• Toby (11) and Maddie (9) figured out how to make succulent pots out of those hard-to-recycle bottle caps. Photo by David Bell.
A YOUNG brother and sister business duo have found a way to turn hard-to-recycle bottle lids into a sustainable craft business.
Morley kids Toby, 11, and Maddie, 9, have spent months crafting more than a hundred artistic pots for small succulent plants and have now started selling them.
“We got the idea from our nannie,” Maddie says, referring to their environmentally-minded grandmother who taught them the technique.
“We’re doing it to save the environment,” Maddie explains.
Both have inherited a love for the environment in general, and have their favourite animals they want to protect.
“Turtles,” Maddie says.
“Dugongs!” for Toby, a recent favourite that he hopes to see in person on an upcoming family trip to Shark Bay.
Bottle caps are particularly tricky to recycle, and they’re one of the most common plastic items to end up in rivers, oceans, and on beaches.
Toby explains to us that tiny bits of plastic like bottle caps can’t go in your normal recycling bin because the sorting machines can’t handle them: “Anything smaller than your elbow falls through the teeth of the gears.”
So Toby and Maddie have been asking friends and family for their plastic lids: “Thousands” of them so far, mum Chelsea Shaw says.
The first step is giving them a thorough wash until they’re “cleaner than clean” according to nannie’s instructions.

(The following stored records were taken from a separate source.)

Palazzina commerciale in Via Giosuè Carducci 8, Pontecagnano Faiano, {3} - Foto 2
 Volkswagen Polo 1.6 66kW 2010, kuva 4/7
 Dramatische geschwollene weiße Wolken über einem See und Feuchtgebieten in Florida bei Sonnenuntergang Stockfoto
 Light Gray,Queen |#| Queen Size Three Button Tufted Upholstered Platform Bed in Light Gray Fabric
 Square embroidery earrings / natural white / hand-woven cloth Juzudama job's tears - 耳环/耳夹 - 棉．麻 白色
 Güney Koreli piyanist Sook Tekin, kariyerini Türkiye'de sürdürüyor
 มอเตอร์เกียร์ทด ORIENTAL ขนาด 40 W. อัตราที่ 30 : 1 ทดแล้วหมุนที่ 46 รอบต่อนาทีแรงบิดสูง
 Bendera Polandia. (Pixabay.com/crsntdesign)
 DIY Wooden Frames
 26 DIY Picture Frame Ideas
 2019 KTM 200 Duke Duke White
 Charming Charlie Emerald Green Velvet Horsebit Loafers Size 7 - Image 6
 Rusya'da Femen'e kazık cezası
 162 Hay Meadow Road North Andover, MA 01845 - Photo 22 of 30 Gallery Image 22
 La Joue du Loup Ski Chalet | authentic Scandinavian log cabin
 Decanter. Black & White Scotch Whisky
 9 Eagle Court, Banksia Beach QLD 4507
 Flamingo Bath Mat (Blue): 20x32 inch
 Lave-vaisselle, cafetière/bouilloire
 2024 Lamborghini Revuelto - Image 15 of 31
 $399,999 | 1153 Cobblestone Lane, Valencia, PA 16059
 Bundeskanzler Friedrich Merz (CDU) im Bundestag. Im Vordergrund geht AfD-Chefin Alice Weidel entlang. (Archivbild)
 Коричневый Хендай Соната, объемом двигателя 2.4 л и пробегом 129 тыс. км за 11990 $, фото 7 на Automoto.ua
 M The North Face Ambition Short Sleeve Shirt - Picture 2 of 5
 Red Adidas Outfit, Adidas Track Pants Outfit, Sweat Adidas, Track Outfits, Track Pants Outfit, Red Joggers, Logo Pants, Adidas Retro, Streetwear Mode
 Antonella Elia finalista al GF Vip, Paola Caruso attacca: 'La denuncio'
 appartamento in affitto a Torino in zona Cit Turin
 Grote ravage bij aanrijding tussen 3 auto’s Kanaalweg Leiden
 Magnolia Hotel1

Then they take them to sustainability charity REmida where a specialised bit of machinery grinds them up into tiny flakes.
“Then we get the sandwich press,” Toby says, and layer the flakes in. They colour coordinate, mixing in blue milk lids, green hilo lids, and a scattering of red coke lids for artistic effect.
Warmed
Then with a cup as a mould the flakes are warmed up until they meld together. For each pot “it’s probably a 13-minute round process,” Toby says. “I timed it once.”
While the collecting, processing, and crafting process has been going on, Toby and Maddie have also been growing succulents to transplant into the finished creations.
Recently they contacted Bayswater Twilight Markets to see if they might be able to get a stall there, and the organisers sponsored them to set up a spot this week.
They’ve branded their project “Sustainable Succulent Creations” and are selling their pots for $6 each or two for $10 – and splitting the proceeds with Bayswater’s Enviro House.
They’ll be at the markets at Bert Wright Park this Friday May 12 from 5pm to 8.30pm.